The rest of this paper is organized as follows: Section 2 argues why complexity
control is important for rule based models to be applied in real world. Section 3
identifies a list of impact factors that affect complexity of rule based models as well
as analyze in depth how these identified factors impact on model complexity. Section 4 introduces two main techniques, namely scaling up algorithms and scaling
down data, towards effective complexity control in rule based models. In particular,
scaling up algorithms involves proper use of statistical heuristics for rule generation
and effective assistance from rule simplification, and scaling down data involves
effective pre-processing of training data, which includes feature selection, feature
extraction and attribute discretization. Section 5 describes setup of the experimental
3
studies, and results are presented and discussed critically and comparatively in order
to show the extent to which the techniques used for complexity reduction are effective. Section 6 summaries the contributions of this paper and provides some suggestions for further directions towards advances in this research area.
2 Significance of Complexity Control
As mentioned in Section 1, model complexity usually impacts on accuracy, efficiency and interpretability. This section justifies why it is important to effectively
control the complexity of a rule based model.
As mentioned in [3], rule based models can be used in practice for the purpose
of knowledge discovery and predictive modelling. For the latter purpose, rule based
models are used in a black box manner, which means that the emphasis is on the
mapping from inputs to outputs without interpretation of the reasons, i.e. to predict
the values of the outputs on the basis of the values of the inputs. In this context, rule
based models need to be both accurate and efficient in predicting unseen instances.
On the other hand, for the purpose of knowledge discovery, rule based models are
used in a white box manner which should allow the interpretation of the reasons for
the mapping. In this context, rule based models need to be both accurate and interpretable for people to use knowledge extracted from the models, i.e. to see a list of
causal relationships by going through a set of rules. On the basis of the above description, model complexity can have a significant impact on the accuracy, efficiency and interpretability of rule based models.

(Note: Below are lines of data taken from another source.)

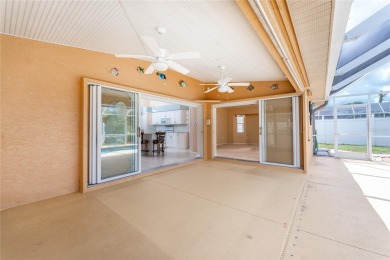 One or more photo(s) has been virtually staged. Welcome to 127 on Rotonda Golf and Country Club - Long Marsh  in Florida - for sale on GolfHomes.com, golf home, golf lot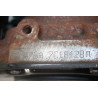 Moteur diesel occasion  Ford MONDEO III (B5Y) 2.0 tdci (2001-2007) 5 portes   N7BA  miniature 5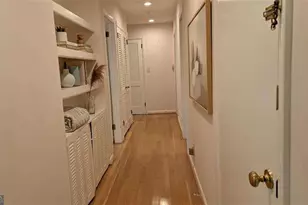 1176 Converse Dr NE, Atlanta, GA 30324 - Photo 23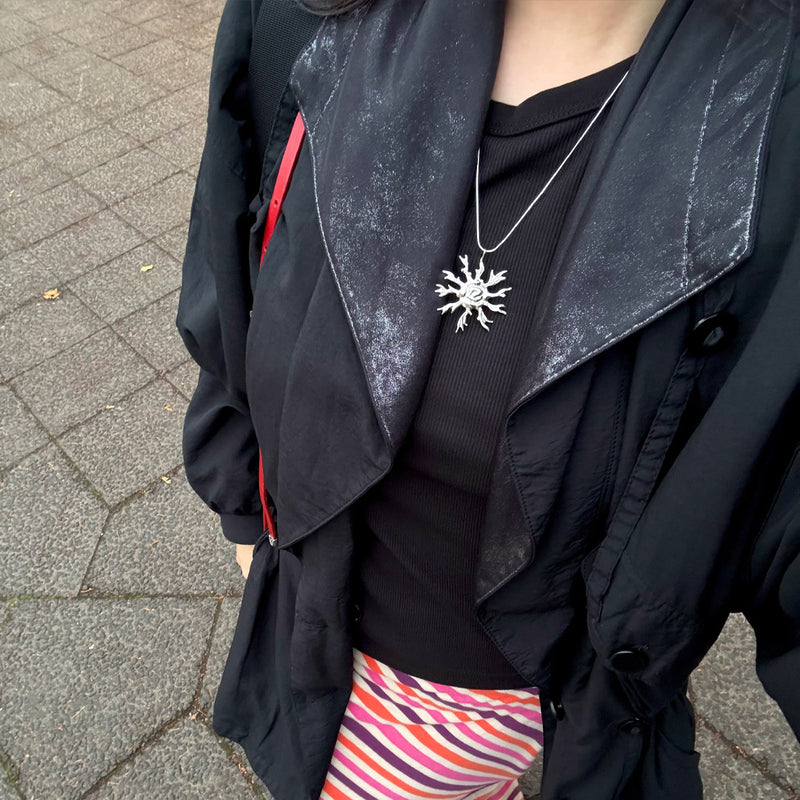 tb_136790_0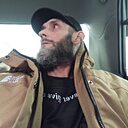 Oleg, 54 года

In terms of accuracy, on the basis of the same data, more complex models usually
have lower generality than simpler models, which are likely to result in models performing well on the training data but poorly on the testing data. The above case is
commonly known as overfitting. As mentioned in [2], one of the biases that arise
with rule based models is referred to as overfitting avoidance bias [4, 5], which
means that rule learning algorithms prefer simpler rules to more complex rules under the expectation that the accuracy on the training data is lower but that on the
testing data it would be higher.
In terms of efficiency, more complex models are usually less efficient than simpler models in predicting unseen instances. This is because of the fact that predictions by a rule based model are made through checking the rules extracted from the
model [3]. In this context, a model that consists of a large number of rule terms is
considered as a complex model whereas a model that is made up of a small number
of rule terms is considered as a simple model. In the worst case, it always takes
longer to make a prediction using a more complex model than using a simpler
model, if the two models are represented in the same structure [3]. Section 3 will
give more details on complexity analysis in terms of rule representation.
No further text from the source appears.